Dati, startup e creatività
Secondo Salvatore Palange, la nuova proposta della Commissione Europea si adatta meglio a grandi aziende e multinazionali, “che hanno risorse per recepire e rispondere a norme più stringenti”. Per il mercato italiano dell’IA, composto soprattutto da micro e piccole imprese e startup, “la classificazione delle applicazioni IA in base al rischio può inibire o limitare molto sia la creatività che la sperimentazione”.

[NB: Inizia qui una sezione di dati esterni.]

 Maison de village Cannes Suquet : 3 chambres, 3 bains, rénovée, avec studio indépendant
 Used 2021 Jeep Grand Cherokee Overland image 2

Nelle applicazioni ad alto rischio c’è non solo la biometria, ma anche la predittività sui meriti, per esempio il merito creditizio o bancario, e in generale qualsiasi attività classificazione automatica. “Pensiamo per esempio a un’azienda di recruiting che vuole fare una clusterizzazione dei curricula sulla base di certe caratteristiche. Secondo lo scenario descritto dalla proposta, un algoritmo sviluppato a questo scopo sarebbe ad alto rischio e l’azienda dovrebbe richiedere la conformità”, spiega Palange. “Anche se l’algoritmo è privato e ad uso interno, è necessario interpellare enti pubblici?”.
“L’articolo 55 del documento cita le misure per piccoli provider di IA, che vengono demandate ai singoli Stati”, aggiunge Palange. “Ma non viene definito chi è il garante, quali enti hanno la responsabilità della certificazione, la compatibilità della nuova disciplina con norme ISO e direttive precedenti, quali il GDPR”.

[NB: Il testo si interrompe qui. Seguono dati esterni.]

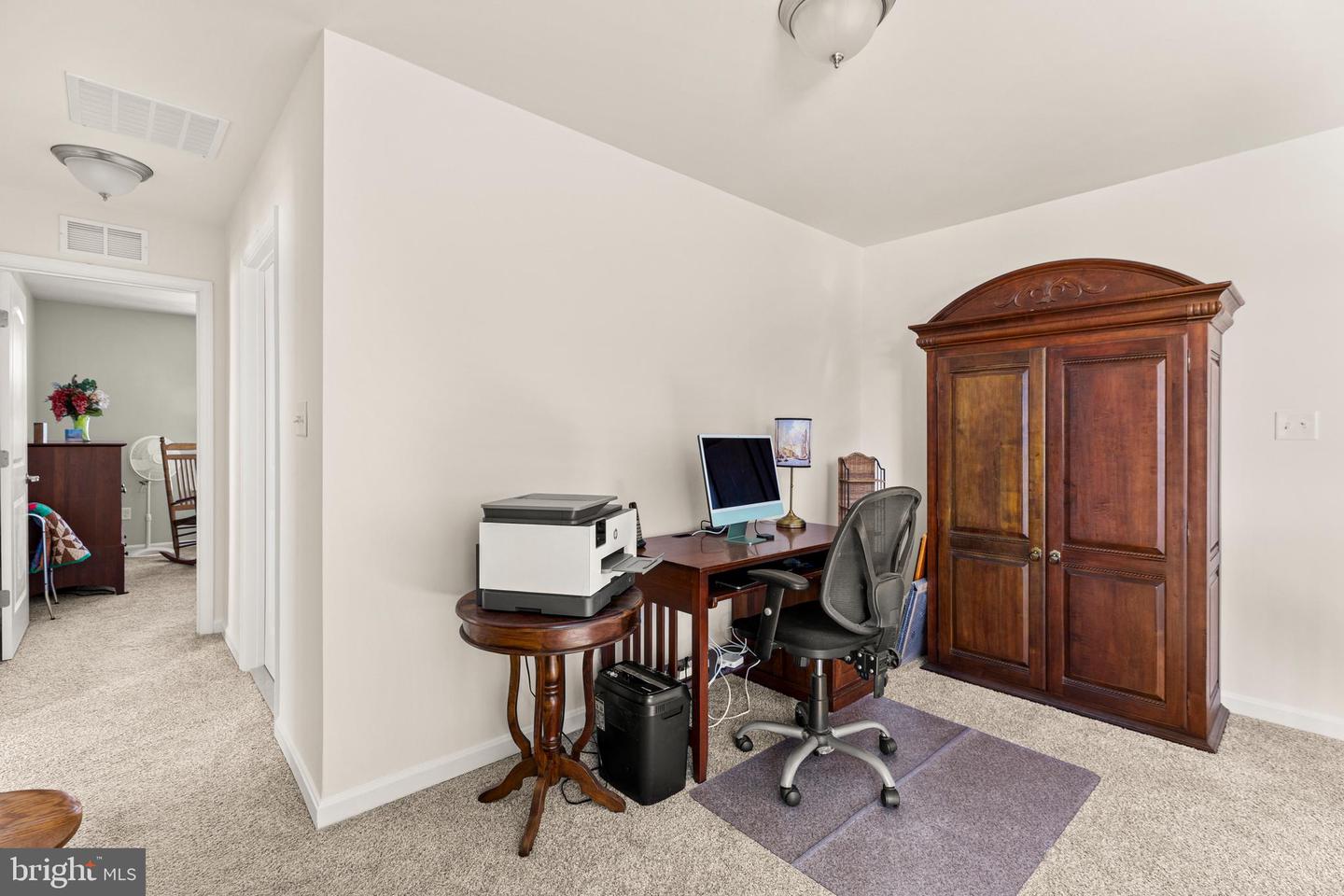 200 Fox St Property Photo 38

Se per i big player questo tipo di controllo ha senso ed è necessario per prevenire usi della tecnologia che consentono manipolazioni del voto o creazione di fake news, rischia di bloccare lo sviluppo di idee di business dal basso. “Con questo approccio di controllo, tre quarti dei progetti che ho visto nascere oggi non sarebbero possibili”, conferma il CEO di Fluel, che offre consulenza e sviluppo software AI a imprese e startup.
Il problema riguarda anche i dati di partenza per lo sviluppo di algoritmi. “Spesso le aziende italiane soffrono della mancanza di sufficienti dati strutturati. Scelgono quindi il livello di accuratezza e completezza dei dati sufficiente per partire con un progetto di intelligenza artificiale, e nel tempo si mettono in piedi percorsi virtuosi per mettere a punto i dati”, spiega Palange. “Se anche il modo in cui vengono raccolti dati all’ingresso è rigidamente disciplinato, il legislatore in un certo senso si sostituisce all’azienda perché un algoritmo che non ha buoni dati alla base non funziona bene e crea risposte non congrue”.
Secondo Palange non è necessario introdurre vincoli e norme troppo stringenti in questo ambito, perché “in una dinamica di mercato queste cose emergono comunque”. È giusto evitare i malfunzionamenti, ma si fa già oggi, applicando il concetto di “human in the loop”, che mette la componente umana dentro al processo.
“Il vero vantaggio immediato di questa proposta è la protezione da usi non corretti che dall’estero possono applicati in Italia, come la possibilità di ascolto indiscriminato di conversazioni o suggerimenti non controllati per manipolare gli interessi. Ma senza fare la caccia alle streghe perché qualcuno ha usato male la tecnologia”, conclude Palange. “Adesso serve chiarezza per capire come la proposta verrà tradotta in pratica”.